The presence of comorbidities can significantly influence a patient’s ability to participate in rehabilitation. These findings align with those of Kumar et al. [87], who analyzed the impact of comorbidities on recovery outcomes in brain injury rehabilitation. However, unlike their study, which focused on general health factors, our classification provides a structured approach to sensor selection based on specific comorbid conditions such as cardiovascular diseases, metabolic disorders, and psychiatric conditions, thus facilitating personalized rehabilitation plans. For example, patients with diabetes often experience peripheral neuropathy, reducing proprioceptive feedback and increasing the risk of balance issues. Pressure sensors embedded in rehabilitation footwear can help assess plantar pressure distribution, ensuring that exercises do not exacerbate foot ulcers or contribute to further sensory loss. Additionally, real-time glucose monitoring via electrochemical sensors can inform clinicians of any metabolic fluctuations that may impact therapy endurance.
Similarly, in patients with cardiovascular disease, excessive exertion during rehabilitation can pose a risk. Monitoring heart rate variability and oxygen saturation in real time using ECG and pulse oximeters allows for the modification of therapy intensity to prevent overexertion. For example, in a post-stroke patient with a history of hypertension, an AI-driven system could reduce the intensity of robotic-assisted arm exercises when a sudden increase in heart rate variability is detected, preventing potential cardiovascular strain.
Psychiatric conditions such as depression and anxiety also impact rehabilitation adherence. Patients with high anxiety levels may exhibit increased muscle tension, potentially leading to inefficient movement patterns and discomfort during therapy.
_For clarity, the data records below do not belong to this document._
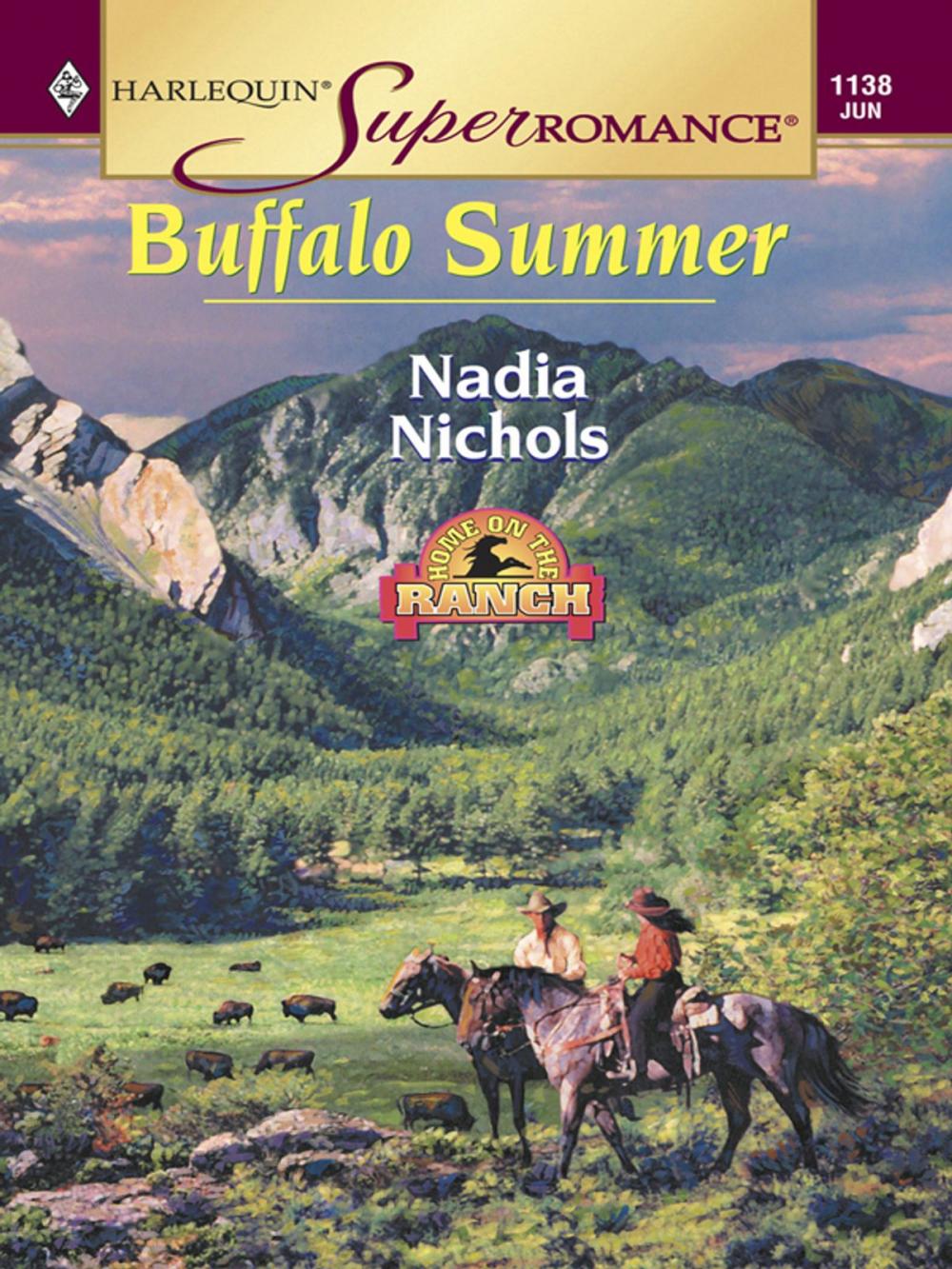 Big bigCover of BUFFALO SUMMER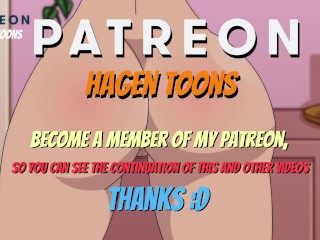 Maty's Ass (PART 1) - Hagen Toons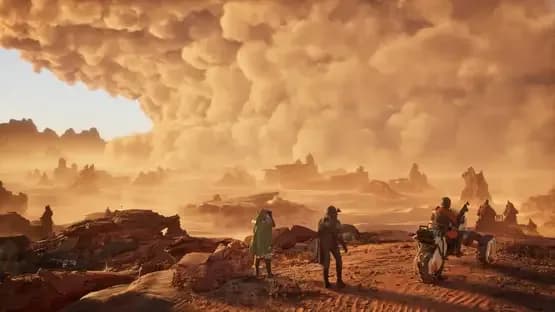 Dune: Awakening — Screenshoty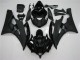 Black 2006-2007 Yamaha YZF R6 Motorcycle Fairing Black 2006-2007 Yamaha YZF R6 Motorcycle Fairing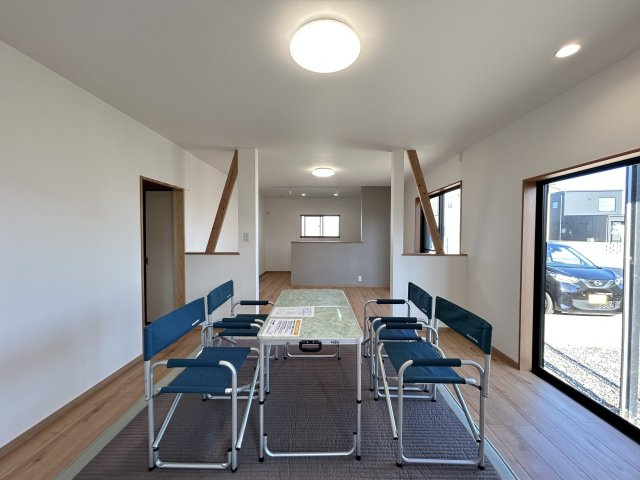 阿南市羽ノ浦町中庄新ノ池39-2の居間・リビング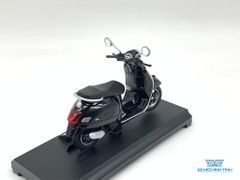 Xe Mô Hình Vespa 2017 GTS 125CC 1:18 Welly ( Đen )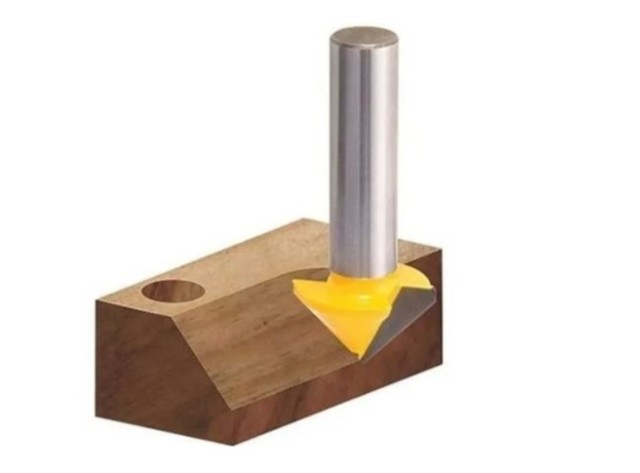 Kit de 12 fresas 6 mm com maleta - Foto 4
Wearable EEG sensors or HRV monitors can help assess stress responses, allowing therapists to integrate relaxation techniques or adjust session pacing to enhance patient comfort. Furthermore, sleep-monitoring sensors can identify disturbances that may contribute to fatigue and reduced motivation, enabling the scheduling of therapy sessions at optimal times for patient engagement.
While the proposed classification framework provides a structured approach to sensor-based neuromotor rehabilitation, further research is needed to validate its effectiveness in real-world settings. Currently, no large-scale experimental validation has been conducted, but future studies will focus on assessing the practical applicability of this framework in clinical environments. Planned research efforts include pilot studies and clinical trials aimed at evaluating how integrating both specified and non-specified sensor parameters impacts patient recovery. Additionally, collaborations with rehabilitation centers are being explored to test the framework’s feasibility and adaptability in therapy sessions. These steps will provide essential insights into its clinical relevance and long-term impact on patient outcomes.

7.3. Enhancing Treatment Outcomes Through AI-Driven Data Processing

The integration of AI-driven data processing further strengthens sensor-based rehabilitation by automating the interpretation of complex data patterns. By combining sensor inputs with machine learning models, rehabilitation systems can predict a patient’s progress and suggest personalized modifications.
For example, in robot-assisted therapy for spinal cord injury (SCI), sensors tracking muscle activation and joint movement can identify small improvements in voluntary control that may not be immediately apparent to therapists. AI algorithms can detect these subtle trends and recommend modifications to therapy parameters, such as increasing movement resistance or adjusting neuromuscular stimulation patterns to maximize neuroplasticity.
In telerehabilitation, AI can influence wearable sensor data to provide real-time feedback to remote patients. A system using motion sensors and force sensors can assess home-based exercise execution, providing corrective feedback via a mobile application. Additionally, by analyzing past sensor data, AI can predict potential therapy plateaus and suggest alternative exercises to maintain patient progress.
AI-driven rehabilitation has shown significant potential in both sports medicine and clinical rehabilitation. Studies highlight its role in injury prevention, training optimization, and adaptive recovery strategies [138]. Additionally, a systematic review emphasizes that AI-supported rehabilitation technologies, such as robotic devices, gaming systems, and wearables, are promising but still require rigorous clinical validation. These findings support the need for further integration of AI into sensor-based neuromotor rehabilitation frameworks [127].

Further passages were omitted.